Climate change is shifting the conversation among researchers investigating the impacts of animal sourced foods.
On the last day of the UC Davis World Food Center’s May 14-15th, 2019 event, “Aligning the Food System for Improved Nutrition in Animal Source Foods,” AMA Innovation Lab director Michael Carter opened the afternoon session with a discussion about how financial instruments can help combat malnutrition and alter poverty dynamics in the face of climate change.
“The frequency and severity of these climate events are making it even more difficult to ensure communities are food secure,” said Carter. “By incorporating innovative financial instruments, such as index-based insurance, proactive governments can change poverty and nutrition dynamics.”
The AMA Innovation Lab’s economists and scientists have collaborated on research in Kenya and Ethiopia looking to combat the effects of climate change and protect vulnerable pastoralists populations from the impacts of drought using index-base livestock insurance.
Research has shown that households with this kind of insurance are able to both protect their livestock assets and bolster the food consumption of their families.
Joining professor Carter, researchers from across UC Davis presented on other innovative strategies and possible public policies to address the environmental impacts of animal-sourced foods. The balance between the ability of animal-sourced foods to bolster nutritional density for vulnerable populations and the environmental impacts of those same animals, especially given climate change, was a looming question.
“Additives to cattle feed will be in the market in the next five years that will help reduce livestock methane emissions by 30 percent,” said Ermias Kebreab, director of the World Food Center and associate dean for global engagement in the College of Agricultural and Environmental Sciences.

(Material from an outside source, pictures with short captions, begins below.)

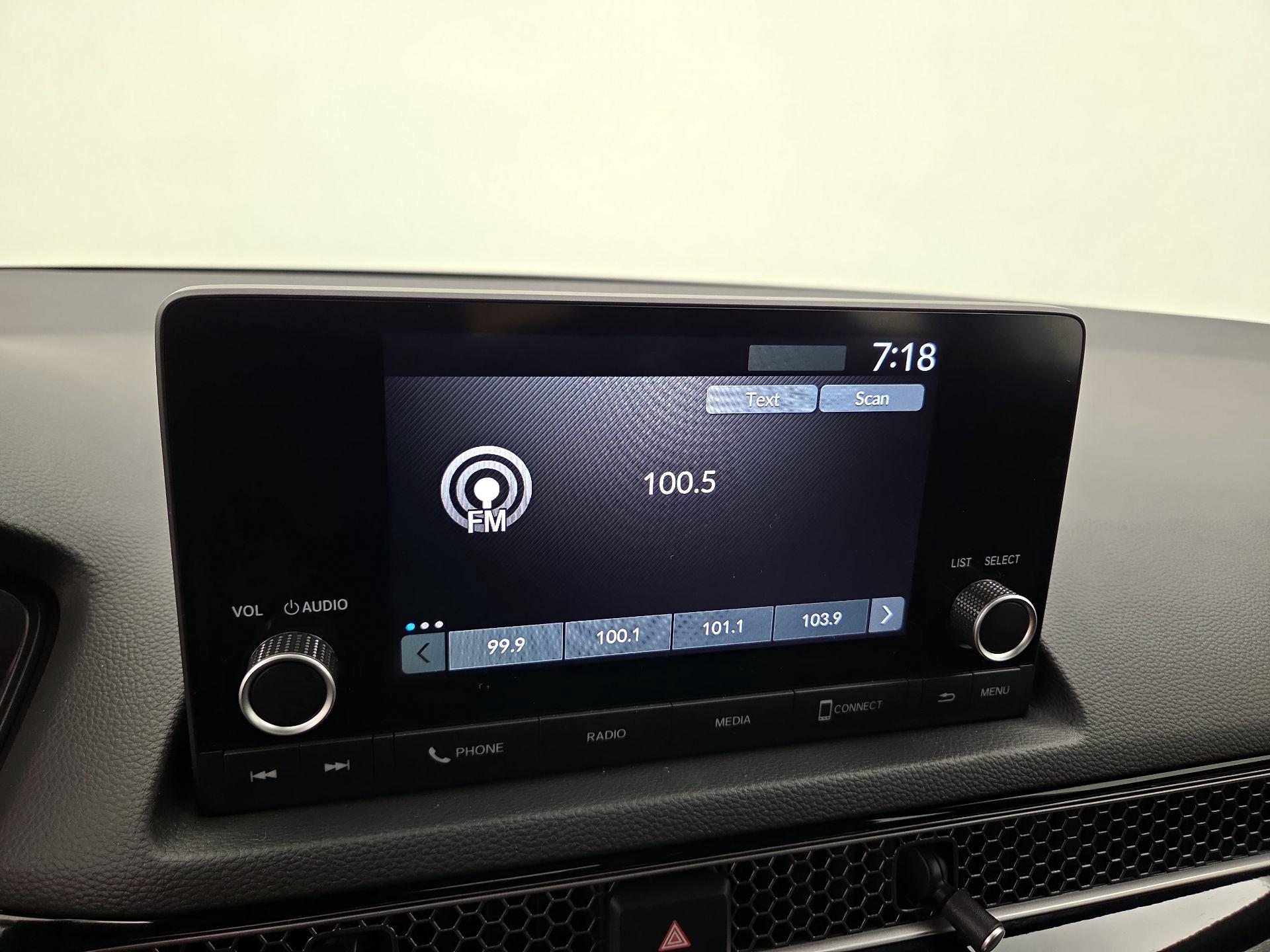 Thumbnail: 2022 Honda Civic - 15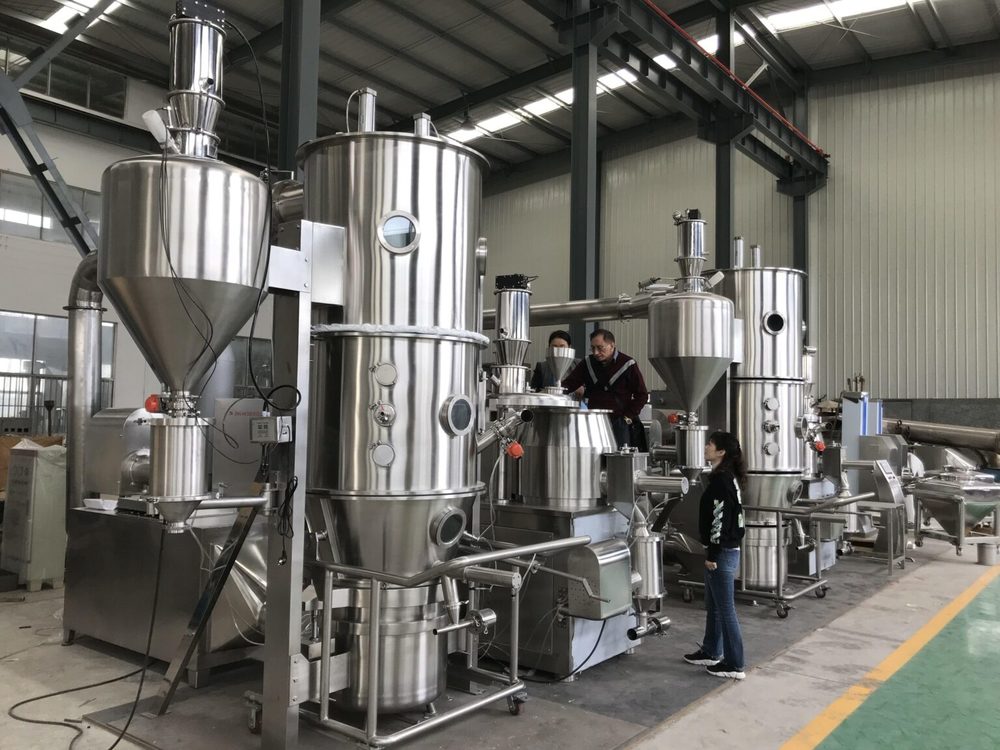 瑞甘的作用与功效
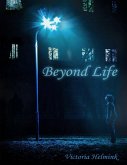 Beyond Life (eBook, ePUB)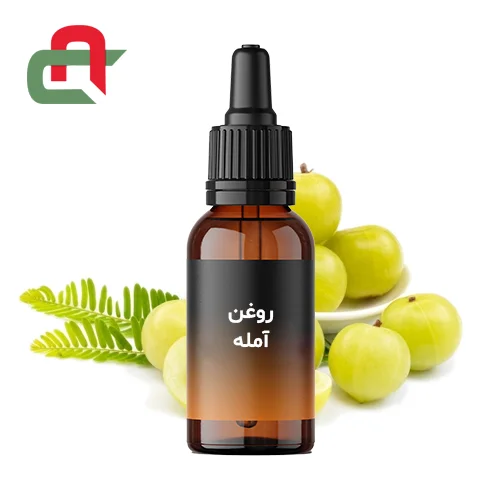 روغن آمله قیمت
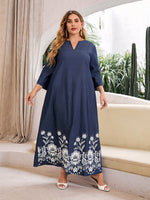 Plus Size Dresses Suppliers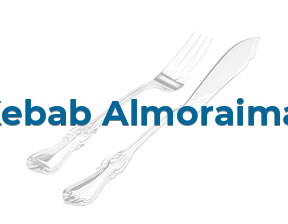 Kebab Almoraima en Nerja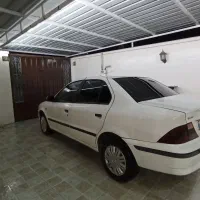 فروش|خودرو سواری و وانت|علامرودشت, |دیوار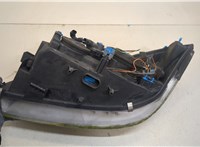  Фара (передняя) Nissan Primera P12 2002-2007 20315940 #6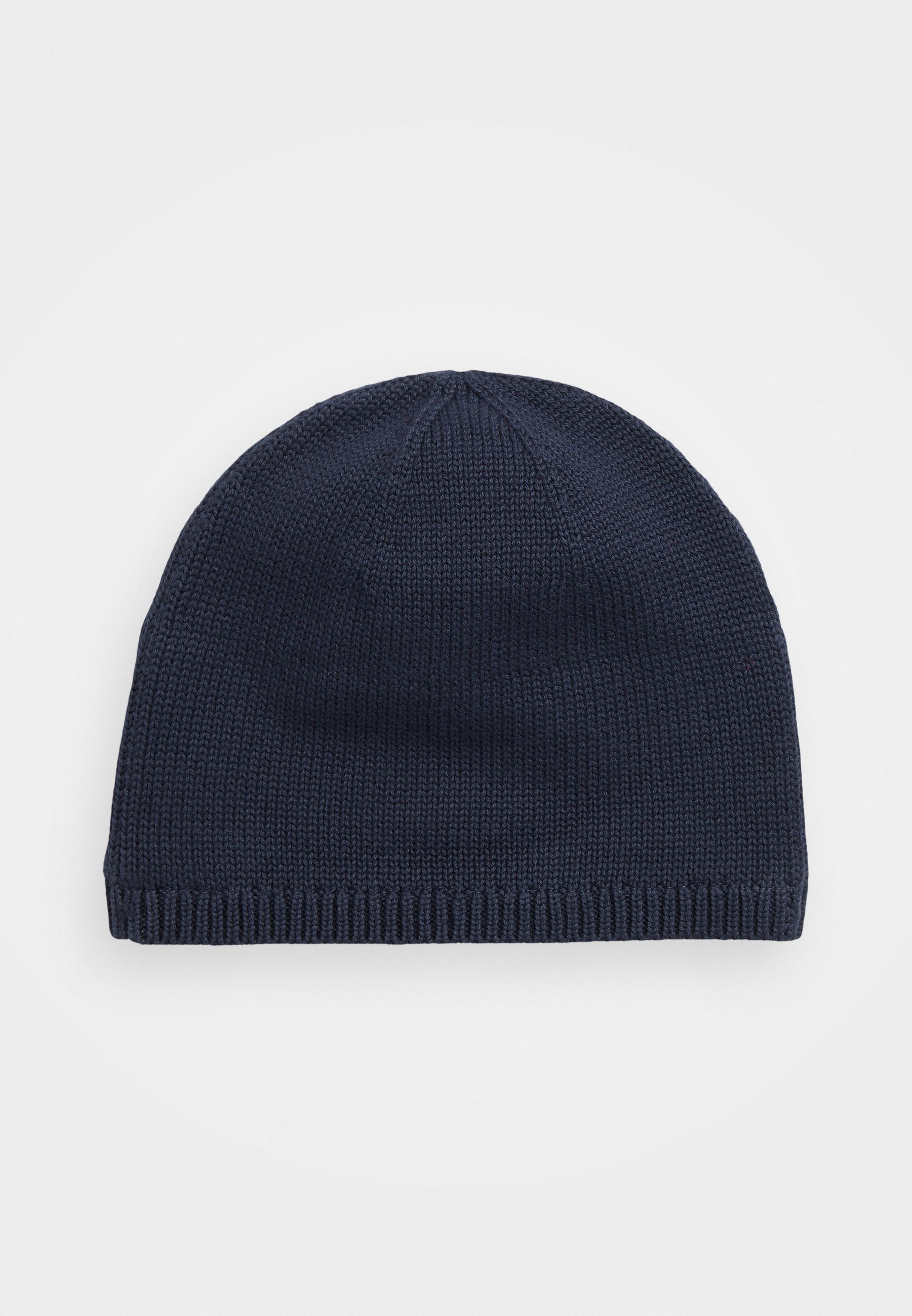 Polo Ralph Lauren HEADWEAR HAT BOYS 2-7 - Beanie - navy/dark blue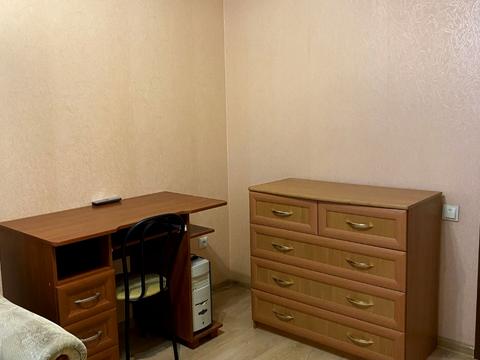 квартира за адресою Лазурна вул., 10-В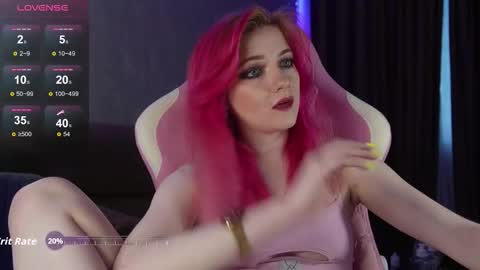 Hannah online show from 03/06/26, 02:46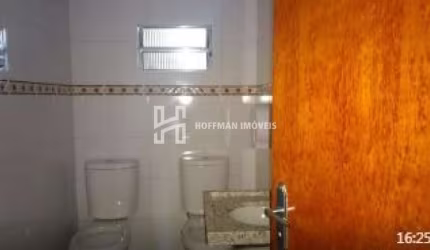 Sala comercial à venda na Avenida Gago Coutinho, --, Vila Aquilino, Santo André por R$ 2.000.000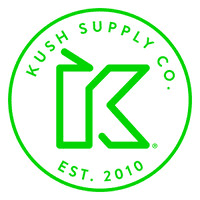 Testimonial Company
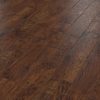 ew hickory peppercorn angled cm jpg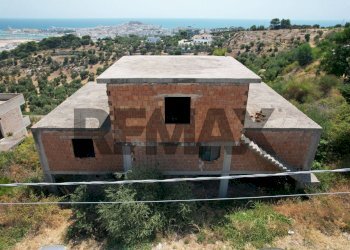 Casa all\'aperto - Rustic Località Sant`Andrea
snc, Vieste - photo 13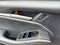 2021 Mazda MAZDA3 Select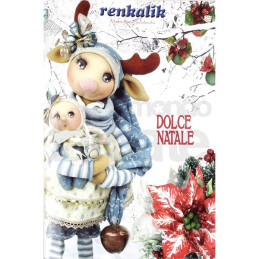 Manuale Dolce Natale (LIFE23)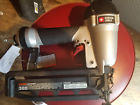 Fn250c Pn250 Porter Cable Nail Gun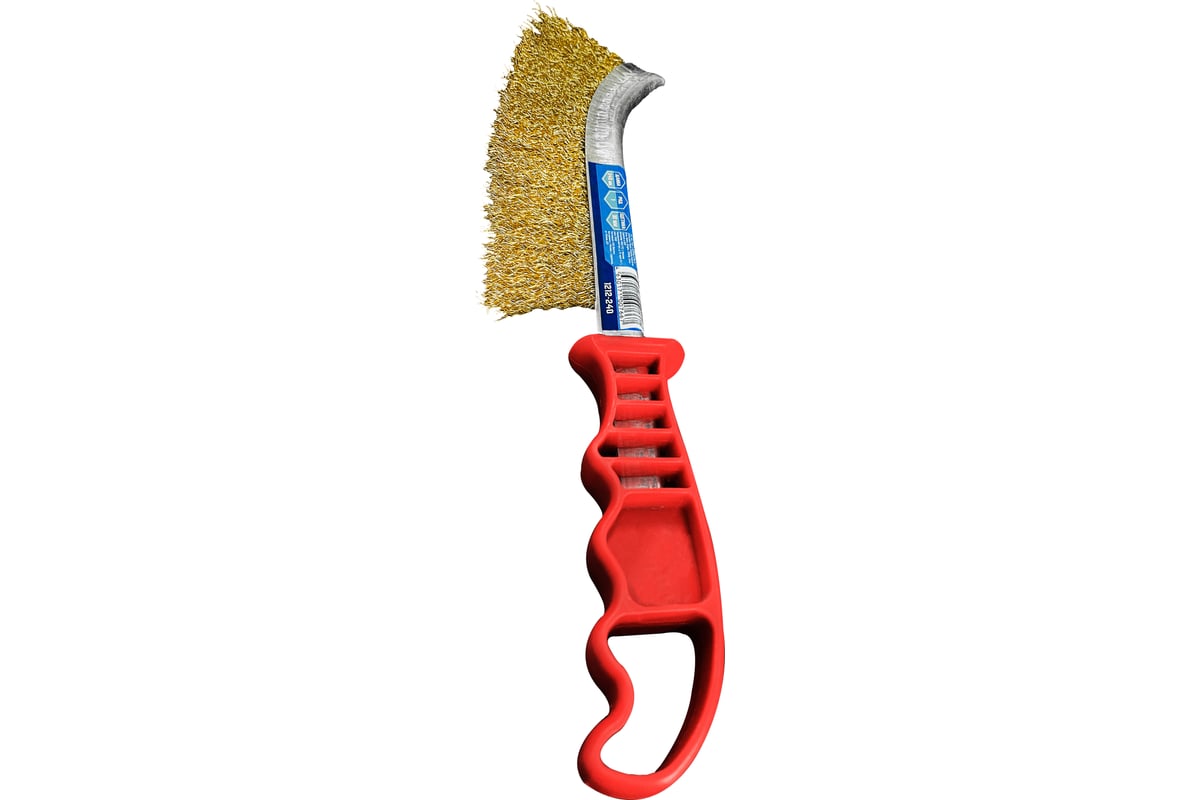 Щетка по металлу vertextools. Щетка по металлу vertextools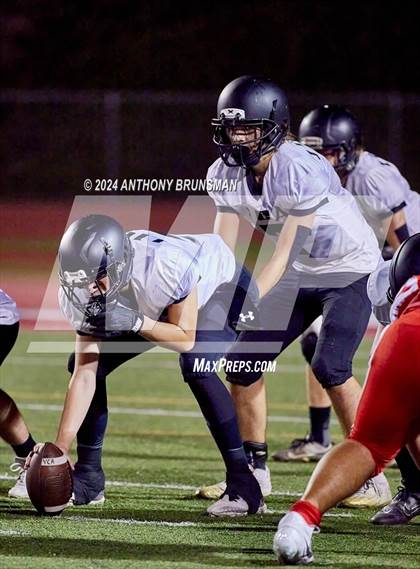 Thumbnail 1 in Valley Christian @ Cordova photogallery.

His research here at UC Davis is investigating whether seaweed could be an answer to the environmental impacts of excessively belching cows.
Robyn Alders, senior scientific advisor for global livestock and aquaculture policy at Chatham House agreed, emphasizing the need to consider the sustainability of animal-sourced foods as well as household nutrition needs.
“What animals eat impact their carbon footprint,” said Alders.